Hello, dear nest team!
I am trying to launch the experiment, using nest-server-mpi and NRP on the
HPC. We also use a module generated by nestml. But I faced the issue, which
I so far cannot solve myself... Probably you could help me.
We have a working experiment for the nest-server v3.7, which also works
with v3.8.
I tried to launch nest-simulator in the container on the HPC, but I faced
some mpi incompatibility issues, could not solve it fast and gave up for
now.
Then I installed nest-simulator 3.7 from source on the HPC. The simulation
with nest-server also worked. After patching nest-server-mpi (serialization
issue) I could launch it on the HPC and communicate with the API, but the
experiment didn't work, and I switched to the local nest-simulator
container for the test.
Locally, in the original nest/nest-simulator:3.7 and 3.8 containers, the
nest-server-mpi is not starting. After the fixing the issue (with docopt
and serialization) the nest-server-mpi is launching in
nest/nest-simulator:dev container. But here is the problem, with this
version the experiment is crashing even with nest-server, as well as with
nest-server-mpi. And I cannot figure out the reason from the logs and git
history...
I tried patching versions 3.7 and 3.8, then I can start nest-server-mpi,
can use API, but the experiment itself doesn't work.
So, the summary:
The experiment works with nest-server 3.7 and 3.8, but doesn't work with
the patched nest-server-mpi
The experiment doesn't work with the nest-server with :dev container
What happens in the latest container with the nest-server:
nrp-nest-simulator |
> nrp-nest-simulator | Apr 03 16:11:15 SimulationManager::set_status [Info]:
> nrp-nest-simulator | Temporal resolution changed from 0.1 to 0.1 ms.
> nrp-nest-simulator |
> nrp-nest-simulator | Apr 03 16:11:15 Install [Info]:
> nrp-nest-simulator | loaded module controller_module
And that's it, on the other side I get [json.exception.out_of_range.403]
key 'data' not found
The nest script, which is executed at this moment is
nest.ResetKernel()
> nest.SetKernelStatus({"resolution": res})

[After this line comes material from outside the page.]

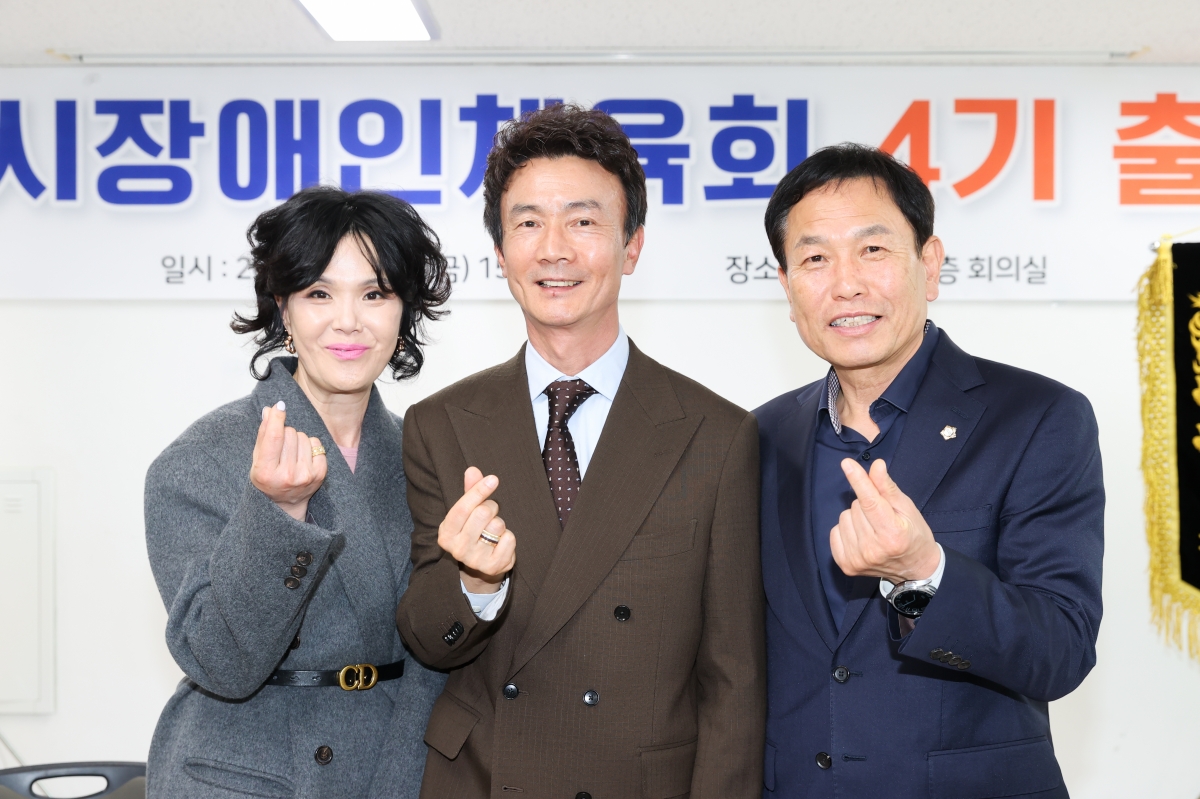 20260327-027[AMG_9294-1-구미시장애인체육회 제4기 출범식.JPG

> nest.Install("controller_module")
> for i in range(njt):
> planner_p = nest.Create("tracking_neuron_nestml", n=N, params={"kp":
> plan_params["kp"], "base_rate": plan_params["base_rate"], "pos": True,
> "traj": trj, "simulation_steps": len(trj)})

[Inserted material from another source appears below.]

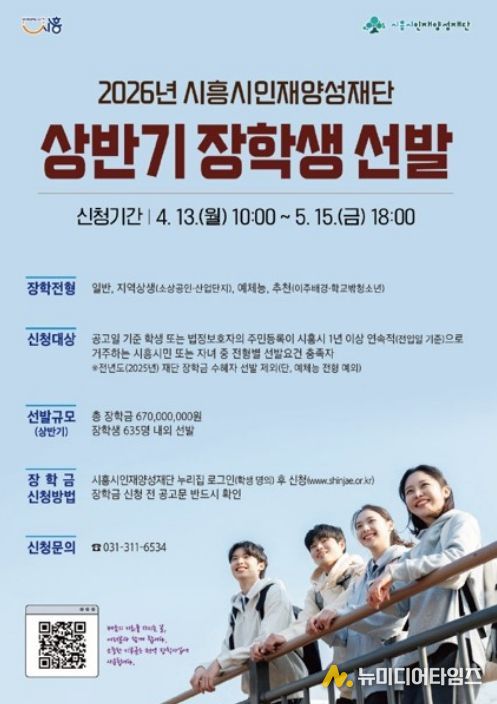 시흥시인재양성재단, 상반기 장학생 선발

> planner_n = nest.Create("tracking_neuron_nestml", n=N, params={"kp":
> plan_params["kp"], "base_rate": plan_params["base_rate"], "pos": False,
> "traj": trj, "simulation_steps": len(trj)})
The same piece of code works in nest-server v3.7 and v3.8
What happens in the patched nest-server-mpi v 3.8 or 3.7, here it at least
throws an exception
nrp-nest-simulator | ========================================
> nrp-nest-simulator |
> nrp-nest-simulator | ==> MASTER 0/1743700791.3478301 (route_api_call):
> call=GetStatus, args=[[303]], kwargs={}
> nrp-nest-simulator | ==> MASTER 0/1743700791.3478405 (GetStatus): sending
> call bcast
> nrp-nest-simulator | ==> MASTER 0/1743700791.3478618 (GetStatus): sending
> data bcast, data=([[303]], {})
> nrp-nest-simulator | ==> MASTER 0/1743700791.3480251 (GetStatus): local
> call, args=[NodeCollection(metadata=None, model=spike_recorder, size=1,
> first=303)], kwargs={}
> nrp-nest-simulator | ==> MASTER 0/1743700791.3480933 (GetStatus): waiting
> for response gather
> nrp-nest-simulator | ==> MASTER 0/1743700791.3484681 (GetStatus):
> received response gather, data=[({'element_type': 'recorder', 'events':
> {'senders': array([204]), 'times': array([13.5])}, 'frozen': False,
> 'global_id': 303, 'label': 'Brain stem pos', 'local': True, 'model':
> 'spike_recorder', 'model_id': 96, 'n_events': 1, 'node_uses_wfr': False,
> 'origin': 0.0, 'record_to': 'memory', 'start': 0.0, 'stop':
> 1.7976931348623157e+308, 'thread': 0, 'thread_local_id': 152,
> 'time_in_steps': False, 'vp': 0},), [{'element_type': 'recorder', 'events':
> {'senders': [], 'times': []}, 'frozen': False, 'global_id': 303, 'label':
> 'Brain stem pos', 'local': True, 'model': 'spike_recorder', 'model_id': 96,
> 'n_events': 0, 'node_uses_wfr': False, 'origin': 0.0, 'record_to':
> 'memory', 'start': 0.0, 'stop': 1.7976931348623157e+308, 'thread': 0,
> 'thread_local_id': 152, 'time_in_steps': False, 'vp': 1}]]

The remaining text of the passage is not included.